À Gênes, on fait le choix de prendre le train jusqu'à Aoste. La plaine du Pô ne nous motive pas plus que ça, et nous souhaitons rentrer en Suisse pour les fêtes. Nous restons deux nuits chez Bruno, visitons la jolie Aoste et son ambiance de Noël. Vu l'absence de neige, on est très tenté d'entreprendre la montée du col du Grand-Saint-Bernard, on trouve que ce serait un symbole fort pour notre retour au pays. On se dit que ça devrait passer, quitte à pousser un peu les vélos en haut... Après avoir demandé leur avis à quelques personnes à gauche à droite, on change d'avis. On va rester raisonnable et on opte pour le col de la Forclaz. Le détail qui tue avec ce plan B: à Courmayeur il faut traverser le tunnel du Mont-Blanc, évidemment interdit aux vélos. Le bus est trop cher, on se poste à quelques kilomètres de l'entrée pour faire du stop. Il nous faudra trois heures et pas moins de trois véhicules différents pour parvenir de l'autre côté avec tout notre barda.

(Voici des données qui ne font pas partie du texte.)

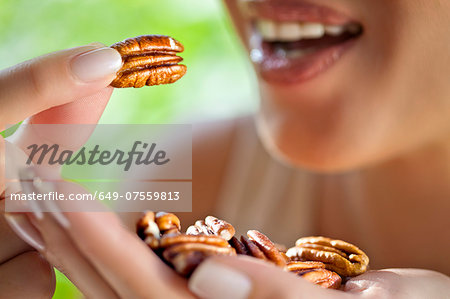 Woman with handful of pecans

Ce qui fait que nous partons de Chamonix à 14 heures, avec pour objectif Martigny, et pas moins de deux cols à franchir. La nuit commence à tomber dès 17h... Va falloir se grouiller. On passe la frontière à 16 heures passées, pas de douanier, nous voilà de retour en Suisse après 18 mois de voyage! On n'a pourtant pas le temps de fêter ça, il commence à faire sombre et le col de la Forclaz est encore bien loin... Autant dire que nous dévalons les derniers kilomètres de descente jusqu'à Martigny dans la nuit noire, la sueur de la montée glacée dans le dos, congelés par le souffle de la vitesse...

Il nous faudra encore trois jours de vélo pour descendre la vallée du Rhône, atteindre Lausanne puis enfin Yverdon, où nous avons eu la joie de retrouver nos amis et notre famille (et le brouillard du Nord-Vaudois. Mais ça c'est une autre histoire...).



On revoit "nos" belles Alpes après 18 mois d'absence.
Arrivés à Aoste en fin de journée, il fait cru.
On traverse les voies comme des malpropres, pas de rampe ni d'ascenseur.
Augusta Prætoria Salassorum
Bruno nous monte à 1200m avec son pick-up.
Nous passerons la journée à rouler à flanc de montagne, au soleil, avec vue sur le massif du Gran Paradiso.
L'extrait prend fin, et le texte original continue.